An aerial view of Manhattan’s northern neighborhoods in New York. (Photo by Sofia Salmoiraghi/Pexels/Creative Commons)

NEW YORK (RNS) — Participants are often surprised when Asad Dandia’s Muslim Harlem tour stops at JC Barbershop in Spanish Harlem — only until he explains it was the headquarters of the country’s first Puerto Rican Muslim organization, the Alianza Islámica (the Islamic Alliance).

A photo of the 1990s storefront in hand, Dandia lectures a tour group on a Saturday in April about the history of Latino Muslims in New York City.

“I’ve stopped there so many times, I know clients and barbers probably wonder what I’m doing,” he said.
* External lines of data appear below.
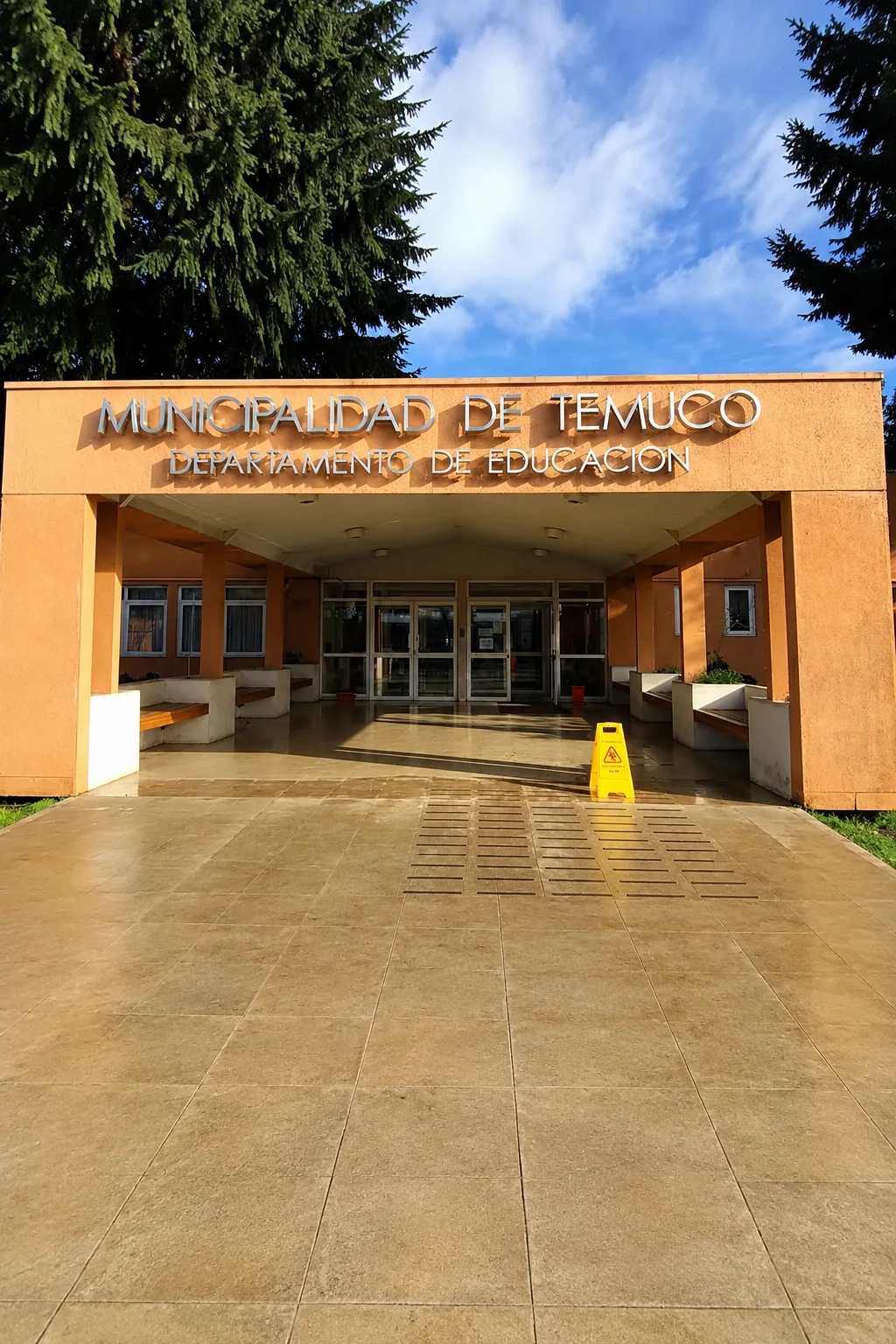 DAEM Temuco Centro de Padres de Escuela Rural Mollulco denuncia al DAEM Temuco por presunta persecución y discriminación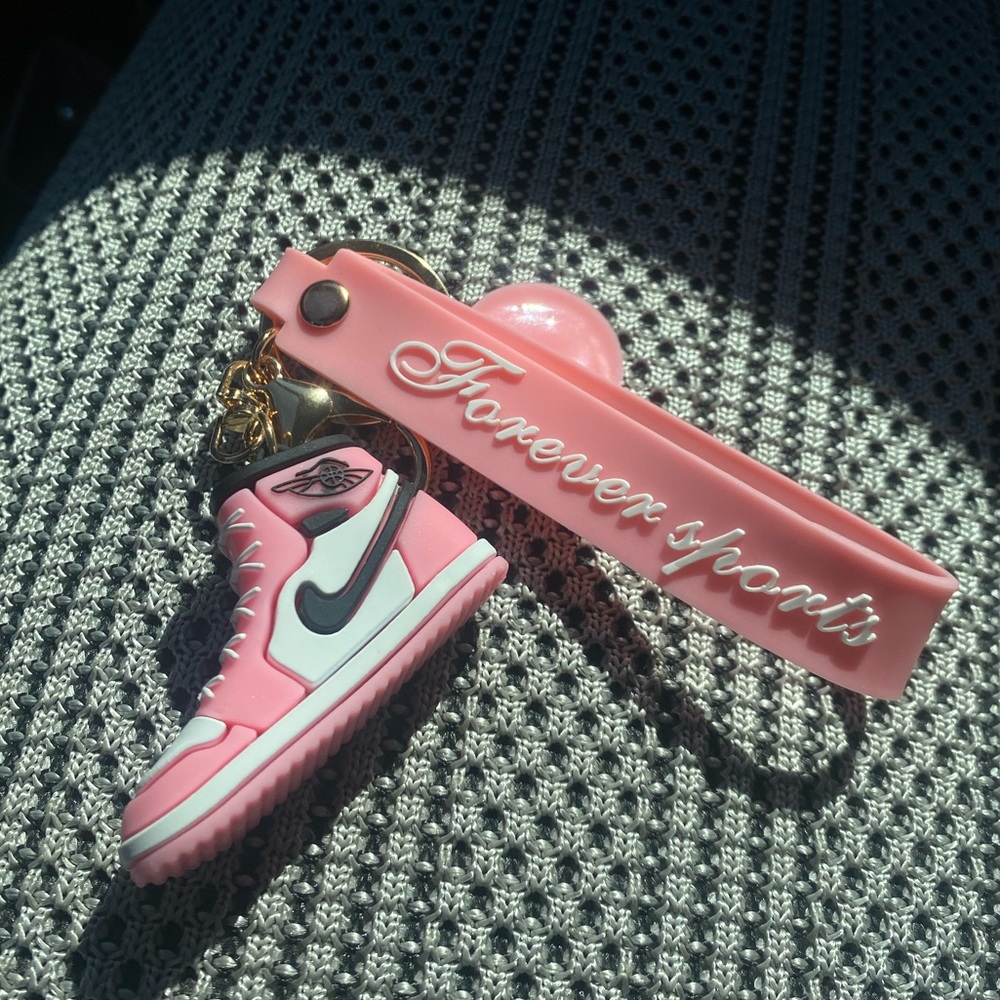 Pink Jordan Keychain - Picture 3 of 4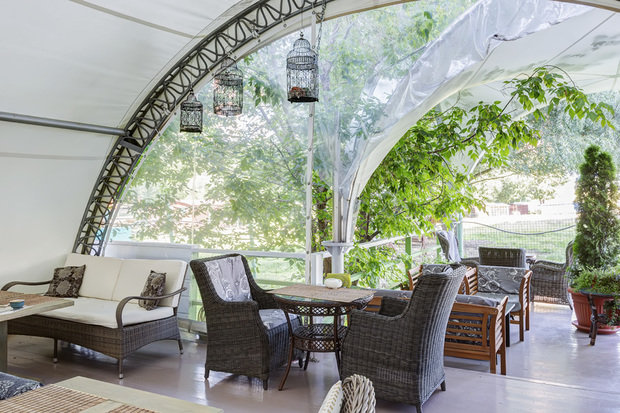 Фото из портфолио Кафе Delonix – фотографии дизайна интерьеров на INMYROOM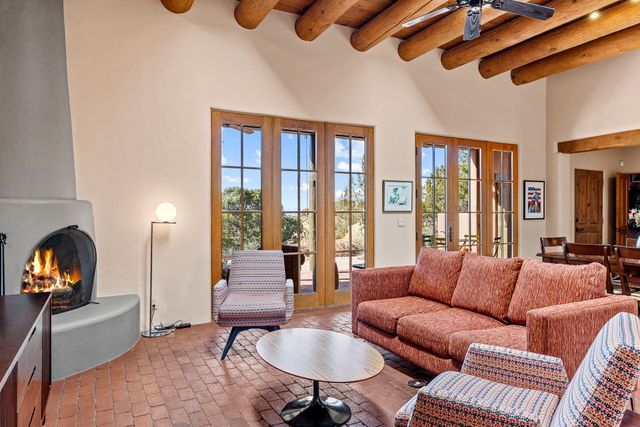 4 Thistle Lane, Santa Fe, NM 87506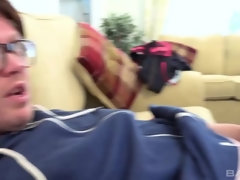 Sucer une bite, Brunette brune, Tir de sperme, Faciale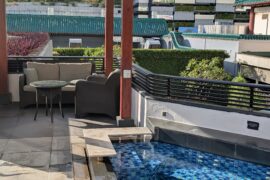 Singapore Marriott Tang Plaza Hotel Premier Suite Outdoor Whirlpool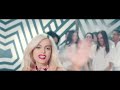 Bebe Rexha - "No Broken Hearts" ft. Nicki Minaj (Official Music Video)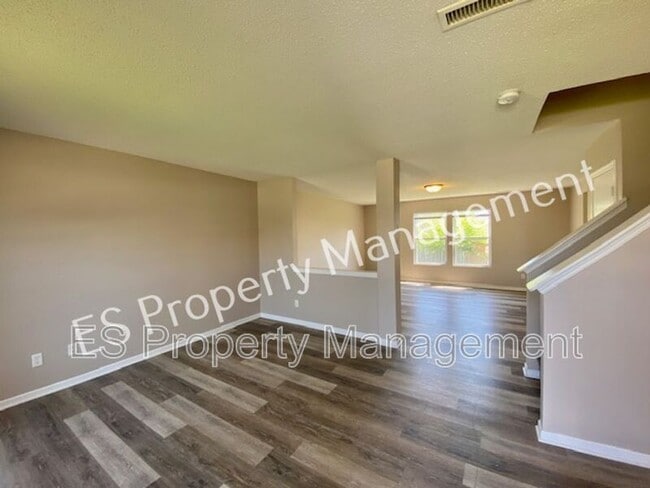 Building Photo - 8415 Ash Grove Dr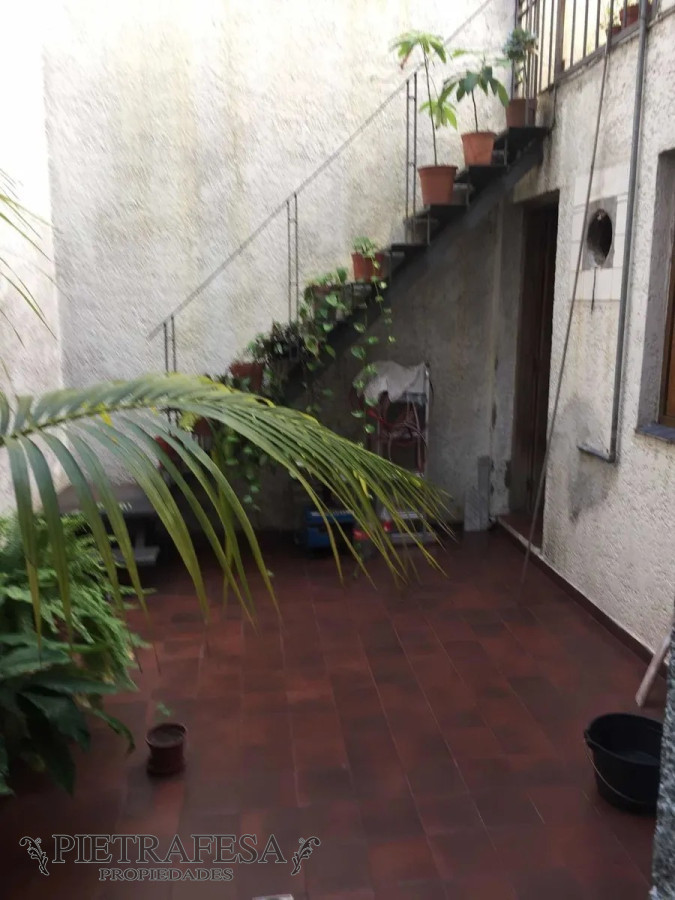Casa ID.4082 - Casa en venta con renta 3 dormitorios - 4 baños con barbacoa - Cochera - Pablo de Maria - Cordon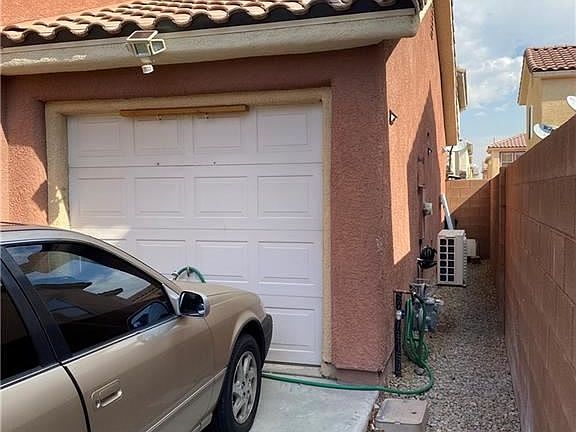 3rd image of 6806 Granite River Ln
Dandia founded his walking-tour company, New York Narratives, in 2023 to help tourists discover the city’s Muslim history. He highlights traces of the earliest Muslim New Yorkers and locations important to the approximately 750,000 Muslims who currently call the city home. The tours have since expanded to show experiences of other religious minorities and cultural histories, such as a tour through the “Jewish Lower East Side,” and others focused on social movements and working-class New Yorkers.

A museum educator for the Museum of the City of New York with a background in Islamic studies, Dandia draws from both his professional interests and personal experience as a Pakistani American who grew up in southern Brooklyn. He shows a side of New York many aren’t familiar with, referring to it as “my New York.”